Said's early interest was in motorcycle racing. He saw his first automobile race in 1985, the Detroit Grand Prix. He did not begin racing automobiles until the age of 25, very late compared to the usual 14-17 years of age that most professionals start.
He first began racing in 1987 when he began racing in the SCCA.He got his big break with a ride in the SCCA World Challenge series in 1991 driving for Baer Racing, later to become Baer Brake Systems. Upon Baer's withdrawal from the series to focus on the manufacture of brakes in 1992, Boris got another big ride driving in the IMSA series in 1993 driving a BMW M3. He won the 1997 and 1998 24 Hours of Daytona and 1998 12 Hours of Sebring in IMSA. He also became the first American to win the 24 Hours Nürburgring in 2005 driving a BMW M3 GTR.
Said made his NASCAR debut in 1995 in the Craftsman Truck Series at Sears Point International Raceway, driving the #4 Ford F-150 for Irvan-Simo Racing. He started 25th but finished 24th out of a 26-truck field due to overheating problems. He made three starts the following year driving Irvan's #28 1-800-Collect Ford, his best finish a thirteenth at I-70 Speedway.
Said moved up to trucks full-time in 1997 in the #44 Federated Auto Parts Ford. While his amateur season did not yield any top-tens, he finished second at the Pronto Auto Parts 400K and finished sixteenth in the final standings. The following year, he won his first career truck series race at Sears Point, in addition to his first truck pole at Heartland Park Topeka. He also made his Busch Series debut at Watkins Glen International Raceway, starting on the pole but finishing 40th in the #12 Zippo Ford owned by Jimmy Spencer.

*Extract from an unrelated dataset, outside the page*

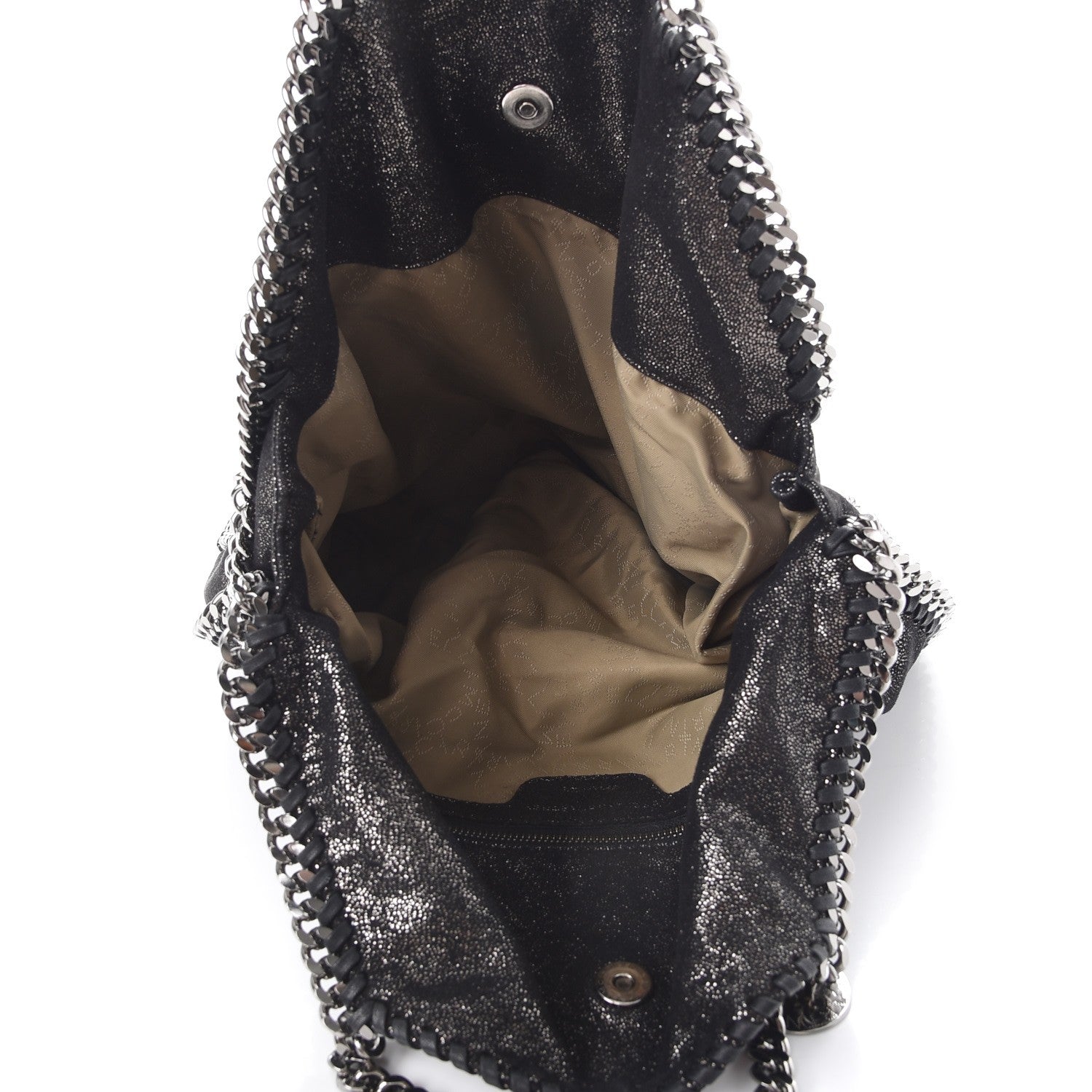 Stella McCartney Chamois Shiny Dotted Falabella Fold Over Tote Ruthenium 5 of 6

In 1999, Said scaled back on his Truck Series schedule, running only six events. He won poles at Portland and Topeka for Irvan-Simo, as well as driving for Team Racing and Bobby Rahal. He made his Winston Cup debut at Watkins Glen, qualifying on the outside pole and leading nine laps before his #14 Ford suffered engine problems. He also drove at Homestead-Miami Speedway, finishing 34th.
In 2000, he made what would be his final Truck series start for five years at Portland, finishing fifteenth. After a 30th place run at California Speedway, he returned to Cup, driving the #23 for Jimmy Spencer, and finished 42nd at Sears Point. He also attempted the Cup race at Watkins Glen, but failed to qualify due to a lack of owner's points. He saw limited action in 2001, finishing fourth in a Busch Series race at Watkins Glen in a Robbie Reiser-owned car, and drove a pair of races for Jasper Motorsports, finishing eighth at the Glen. After running with Jasper again in 2002, Said served as a fill-in driver for Jerry Nadeau at MB2/MBV Motorsports. He won the pole and finished sixth at Sears Point.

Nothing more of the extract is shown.